NEW YORK -- A controversial paper by Edward A. Zelinsky, claiming cash balance plans violate age discrimination laws, has come under renewed attack, this time in a paper from the Minneapolis law firm of Faegre & Benson. The lawyers claim Mr. Zelinsky's interpretation of age discrimination laws is flawed.
Mr. Zelinsky, professor of law at Yeshva University, New York, argues that converting traditional defined benefit plans to cash balance plans reduces the wealth of older workers while favoring younger employees. Older workers normally would do better under conventional defined benefit plans, he claimed.
A third paper by a team of lawyers from the Washington law firm of Covington & Burling also claimed Mr. Zelinsky's findings are flawed; they argue that converting to a cash balance plan does not violate age discrimination laws (Pensions & Investments, June 26).
The Faegre & Benson paper, principally written by Hubert V. Forcier, partner and head of the employee benefits practice, also argues that cash balance plans are well within the law. It criticizes Mr. Zelinsky's interpretation of the law, particularly as it pertains to the wearaway provisions.
A wearaway, or "benefit plateau," is the period of time when a participant in a newly converted cash balance plan does not obtain the full benefit of post-conversion pay credits to his account until the new benefit formula catches up with the frozen benefit.
Much of the criticism against cash balance conversion is aimed at the practice of creating a wearaway by using a relatively high rate of interest to establish a starting balance. Mr. Forcier's paper points out that this produces a longer wearaway for an older worker than for an otherwise identically situated younger worker. He wrote that this practice does not violate age discrimination laws because even after it is applied, an older participant "always" receives a larger lump sum than the younger worker.
The Forcier paper also notes that not many plans use a relatively high rate of interest to establish the starting balance under a cash balance plan -- such as Mr. Zelinsky used in his examples.
"This is because Professor Zelinsky's view (if correct) would have very costly consequences for all plan conversions -- whether or not a wearaway is imposed," said the Forcier paper. "There are probably very few plans where the spread between the interest rate used to establish the opening balance (8%) and the 30-year Treasury rate (5%) would be so large. We used 8% and 5% because Professor Zelinsky used those rates," said Mr. Forcier's paper.

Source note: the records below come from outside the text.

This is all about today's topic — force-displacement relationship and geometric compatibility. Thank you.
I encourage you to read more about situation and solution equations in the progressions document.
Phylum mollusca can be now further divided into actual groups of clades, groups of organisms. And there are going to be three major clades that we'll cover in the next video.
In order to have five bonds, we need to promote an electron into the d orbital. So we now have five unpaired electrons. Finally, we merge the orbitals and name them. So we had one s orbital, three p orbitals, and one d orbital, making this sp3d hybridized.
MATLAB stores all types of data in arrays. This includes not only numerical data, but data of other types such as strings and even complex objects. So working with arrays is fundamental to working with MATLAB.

Mr. Forcier's paper pointed out that Mr. Zelinsky compared the benefit accrual rates for the period after the conversion with the rates for the period before conversion, when the employee was under the traditional defined benefit plan formula.

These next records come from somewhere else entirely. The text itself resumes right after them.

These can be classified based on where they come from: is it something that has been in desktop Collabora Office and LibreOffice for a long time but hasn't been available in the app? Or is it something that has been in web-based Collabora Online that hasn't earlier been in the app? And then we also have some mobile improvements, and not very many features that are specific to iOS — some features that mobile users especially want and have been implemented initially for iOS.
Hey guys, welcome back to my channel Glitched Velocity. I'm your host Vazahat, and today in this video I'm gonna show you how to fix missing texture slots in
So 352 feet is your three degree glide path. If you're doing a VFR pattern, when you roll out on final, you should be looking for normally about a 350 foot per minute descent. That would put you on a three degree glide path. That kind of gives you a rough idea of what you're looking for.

In one example, two employees have the same job description; and at the time of the conversion, one is 33 years old and the other is 53. The rate of benefit accrual decreases for both participants after the conversion, even if there is no wearaway. The younger participant's rate of benefit accrual would drop to 3% from 4.4%, while the older participant's rate would drop to 3% from 11.8%. In his paper, Mr. Zelinsky concludes the difference is due to age.

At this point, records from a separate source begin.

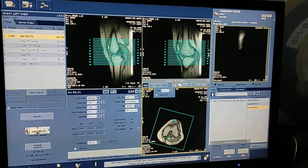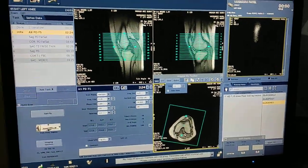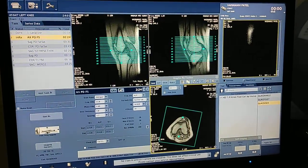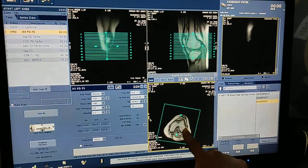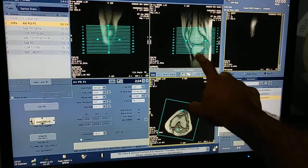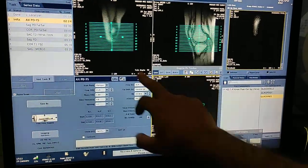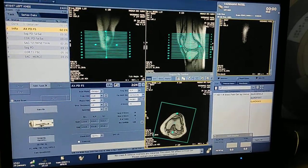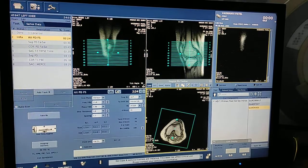This is the angulation of the axial image — you can see this box. Always remember: if you want an axial image, you have to plan on sagittal and coronal. If you want coronal, plan on sagittal and axial. If you want sagittal, plan on coronal and axial. Keep this in mind always. So first of all I am starting axial FS PD.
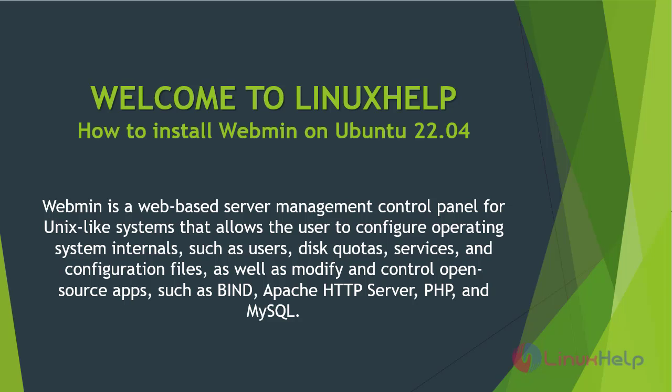Welcome to Linux help. In this today's session, we are going to see how to install Webmin on Ubuntu 22.04.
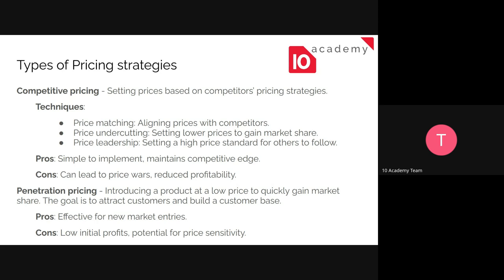The pros of competitive pricing include that it's really simple to implement and creates a competitive edge. However, the cons are that companies can get into price wars, which reduces profitability. Especially when undercutting prices to get more customers, if other companies also undercut their prices to retain customers, you can get into a price war, which could be bad for everyone.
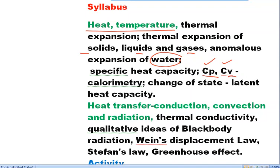Change of state: sometimes water may get into vapor or gas form, or it may become solid, like ice cubes. How this phenomenon occurs we will read in the section on change of state. The amount of heat energy required to change the state — for example from solid to liquid or liquid to gas — is termed as latent heat.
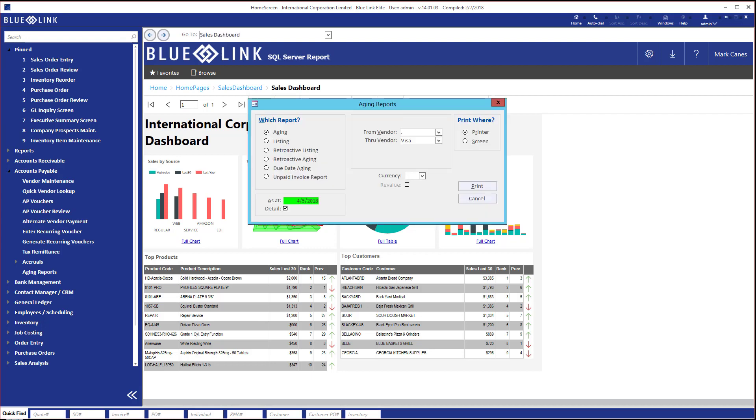If we open up our aging report selection, you'll notice that there's a currency field over here. If you leave the currency blank and you print the report, then what you're going to see is a report that is in the home currency.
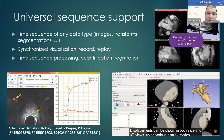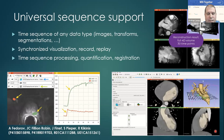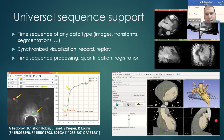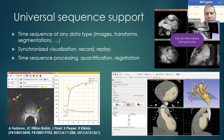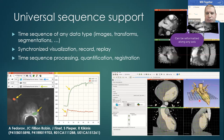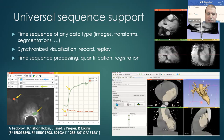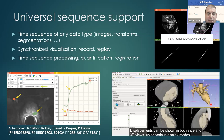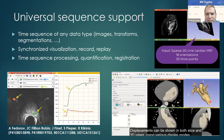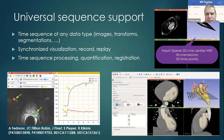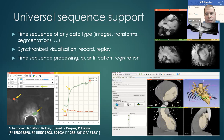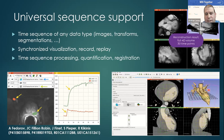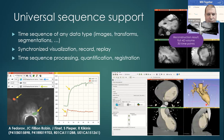Another capability involves registering an image sequence to determine a displacement field and visualizing that as a transform. You can then apply it to a segmentation — segmenting only a single image slice — and then applying the displacement field to the segmentation to get a four-dimensional segmentation.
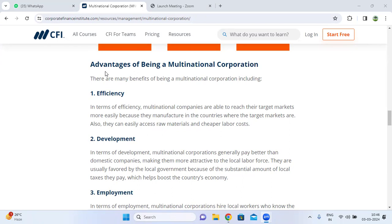There are some advantages of multinational corporations, discussed as below. The first one is efficiency. In terms of efficiency, multinational companies are able to reach their target markets more easily because they manufacture in the countries where the target markets are. They can also easily access raw materials and cheaper labor costs.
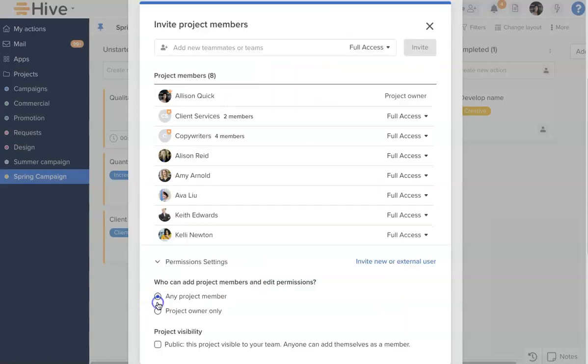Expand the bottom section to give the project owner control over inviting members and editing permissions.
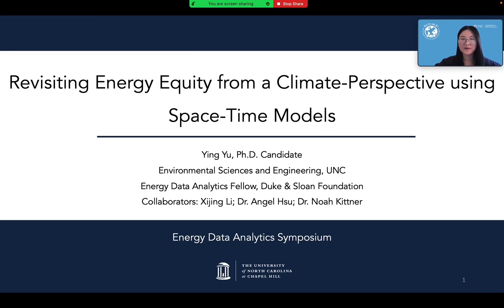Hi, everyone. I'm Inu, a PhD candidate at UNC. As an Energy Data Analytics Fellow, today I'm glad to share our latest work, collaborating with Xijin, Andrew, and Laura, which models the climate-energy equity nexus based on higher resolution data, improved by machine learning and remote sensing techniques.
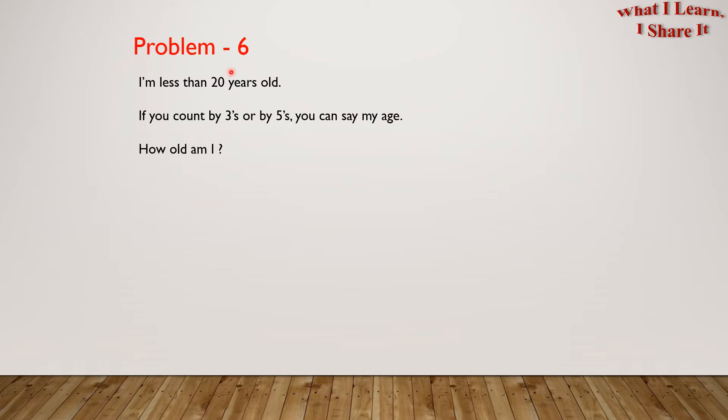Problem 6. I'm less than 20 years old. If you count by 3's or by 5's, you can say my age. How old am I?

"If Professor Zelinsky were correct, the only way to correct the `violation' is to eliminate the decreases," said Mr. Forcier. "The younger participant would be entitled to cash balance pay credits of 4.4% indefinitely into the future; the older participant would be entitled to cash balance pay credits of 11.8% indefinitely into the future. The remedy would result in a huge windfall to the participants -- and a huge cost burden for the employer."
Mr. Forcier's paper said one of the primary reasons Mr. Zelinsky's analysis is incorrect is that the years prior to the conversion "are not to be included in the range of years that are examined" when testing for age discrimination. "As a result, the rates of benefit accrual simply do not decrease. If there is no decrease, there is no violation" of age discrimination statutes.
"Professor Zelinsky's analysis of (age discrimination laws) focuses on post-conversion rates of benefit accrual, which (when compared with the pre-conversion rates of benefit accrual) drop more for older workers than for younger workers," noted the Forcier paper.
"Professor Zelinsky's design of the starting balance under the cash balance plan is unusual, to say the least: He assumes that the starting balance was established by simply applying the cash balance formula retroactively. In fact, extremely few plans apply the cash balance formula retroactively," Mr. Forcier wrote. "We are quite sure the starting balance design that Professor Zelinsky posits has never been used in the real world."
An age discrimination claim doesn't exist, he said, unless the older worker is treated less favorably than the younger worker. In fact, he said, the opposite is usually true.
Lump-sum payouts, an important function of cash balance plans, are higher for older employees, Mr. Forcier claimed in his paper.
When age discrimination statutes are properly applied, said Mr. Forcier, "the first period tested is the period after the conversion is implemented. . . . There simply is not a violation of (the Age Discrimination in Employment Act) when it is applied to a cash balance conversion as it should be: By looking only to rates of benefit accrual after the conversion."